Inclusion of a 'monopoly-granting' power in the Constitution and the Copyright Act of 1790 involved great debate and deliberation particularly between Thomas Jefferson, who initially opposed all monopolies including copyright, and James Madison who proposed its benefits and inclusion.
In this debate Madison played both sides of the fence, supporting natural or common law rights for Creators on the one hand, and promoting regulation and limitation of the publishing industry through statute on the other. His apparently contradictory opinions are expressed in his correspondence with Jefferson and in the Federalist papers.
These documents prove that Madison accepted traditional English ideas of copyright. That is, he understood copyright as a monopoly granted for only a limited term. Why did he explain copyright as a natural right in the Federalist when he clearly understood that copyright and patent were inevitable monopolies to promote science and literature? He seemed to believe it would be easier to persuade the people, amid the current mood of antipathy toward monopolies and England, to accept copyright and patent as natural rights than as trade regulation laws which were monopolistic in nature. It is well known that the Americans adopted the common law after screening aristocratic or prerogative elements out. The Founding Fathers understood the nature of copyright as a monopoly that was granted for administrative purposes to promote the sciences and they adopted copyright law after modifying its doctrine to suit American taste. That was America's first copyright statute, the Copyright Act of 1790.
The result was a bifocal vision of copyright in the United States. On the one hand, the Constitution and Copyright Act adopted the traditional English idea of copyright as trade regulation to limit the monopoly and censorship powers of the publishing industry and its duration thereby creating a 'public domain'. On the other hand, lawyers and academics advocated a common law copyright derived from 'natural law' arguing that the Constitution and Copyright Act merely gave it written form.

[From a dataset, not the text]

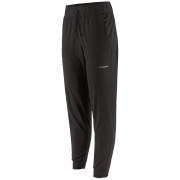 Dámské kalhoty Patagonia Women's Terrebonne Joggers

The issue came to a head in the first major American copyright case - Wheaton v. Peters in 1834. As in the earlier British case of Donaldson vs. Beckett of 1774, the waters had been thoroughly clouded. While there had never been a Common Law author's copyright, only a printer's copyright, both cases turned on the issue of an assumed common law rights of authors in works prior to the Copyright Act of 1710 and 1790, respectively. The questions facing the court became, in effect: was the Act intended to give additional rights to the author or to replace common law rights, and if there was a common law perpetual copyright, did it continue in Britain after the Statute of Queen Anne and in the United States after Revolution?
Loosed from its historic moorings, copyright took on a life of its own for the vague purpose of stopping illegal copying, and ultimately, came to be viewed as part of the law protecting "intellectual property."

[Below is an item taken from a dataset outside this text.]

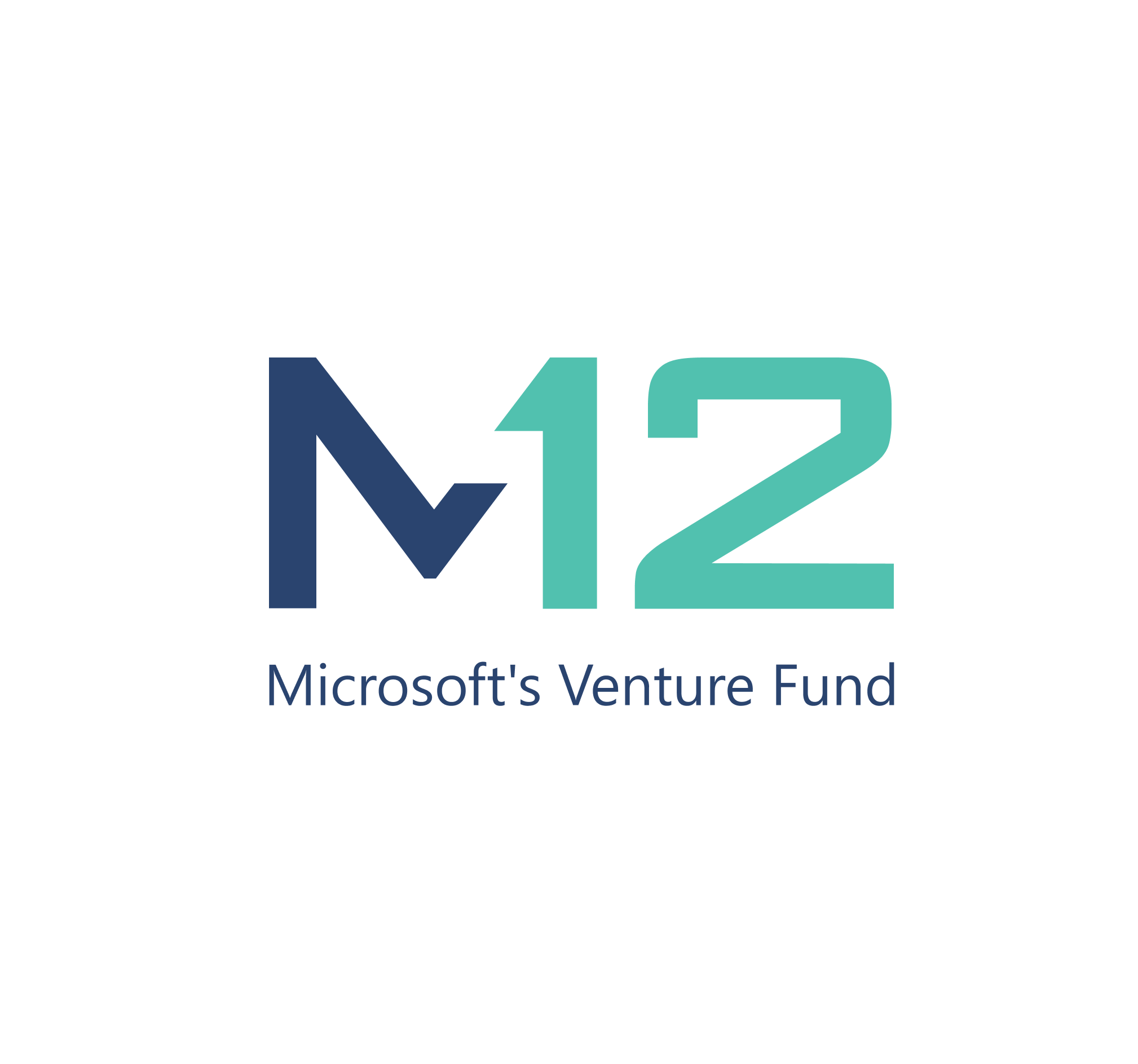 Scaling leadership development at M12, Microsoft’s Venture Fund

The Federal Supreme Court concluded there was no common law copyright and that statutory protection could only be obtained by adhering to the 1790 Act. It also confirmed that copyright was a privilege, not a right. In its opinion, the case was about protection against monopoly and accepted the English precedent for the United States. In the process, however, the Court also rejected what later became known as the "moral" rights of authors.
Beyond the 'natural' vs. 'positive' law, the first US Copyright Act also involved at least five significant expansions of the copyright concept. First, protection was extended to maps and charts as well as books. The Statute of Queen Anne only protected books. While related, the cost structure of the two industries are arguable quite different. Initial extension of copyright protection was followed in 1802 to include "engravings, etchings and prints", in 1831 "music and cuts" and, by 1870, works eligible for copyright protection included:
Any citizen of the United States, or resident therein, who shall be the author, inventor, designer, or proprietor of any book, map, chart, dramatic or musical composition, engraving, cut, print, or photograph or negative thereof, or of a painting, drawing, chromo, statue, statuary, and of models or designs intended to be perfected as works of the fine arts, shall ... have the sole liberty of printing, reprinting, publishing, completing, copying, executing, finishing, and vending the same; and in the case of a dramatic composition, of publicly performing or representing it, or causing it to be performed or represented by others; and authors may reserve the right to dramatize or to translate their own works.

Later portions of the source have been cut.